Quick Take on the Economy: April 21, 2008 

By Ken Fears, Manager Regional Economics

 

Freddie Mac , Average 30-year Fixed Rate Mortgage Another look 

  • This past week, the average 30-year fixed rate mortgage was unchanged at 5.88% this week. However, the average yield on a 10-year Treasury jumped roughly 30 basis points over the same period. Normally the two move in lock step fashion. 
  • But this relationship has softened since the credit-market-meltdown. Normally, the two rates are separated by a 100 to 110 point spread. This spread jumped before stabilizing around 190 in late 2007. 
  • Over the last 5 weeks, this spread surged above 250 and has remained elevated.
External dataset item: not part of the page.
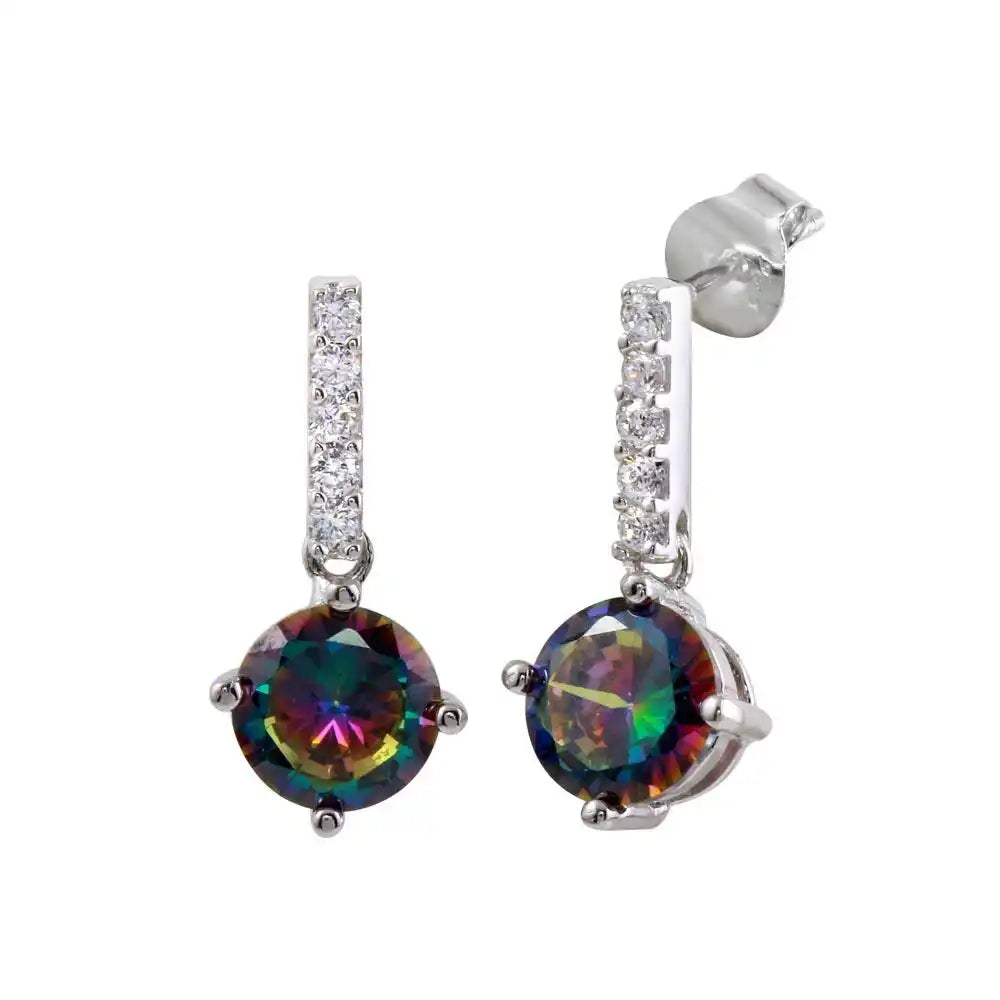 925 Sterling Silver Rhodium Plated Dangling CZ Synthetic Mystic Topaz Earrings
This spread is created by investors in mortgage backed securities (MBS) demanding a larger risk premium for long-term mortgages versus what these investors view as a relatively, risk-free asset; the 10-year Treasury. 
  • There is substantial room for this spread to shrink as MBS investors' perceptions of risks in the MBS market diminish as government and market actions improve prospects in the credit market. 
  •  Consequently, the yield on the 10-year Treasury may rise without a commensurate increase in the 30-year fixed. 

National Activity Index - Chicago Federal Reserve Board

  • The index reading for March (-0.78) was an improvement from February (-1.28), but is substantially lower than the same month in 2007 (0.05). 
  • The substantial declines in consumer and housing demand coupled with rising layoffs have weighed heavily on the index, which has fallen below trend since late last summer. 

What does this mean for Realtors® and consumers? 

  • Long-term mortgage rates are likely to remain low through the spring and early summer of 2008. 
  •  Economic activity is still off the mark, but not in free-fall. The economy is likely to remain sluggish, which will help to keep mortgage rates low.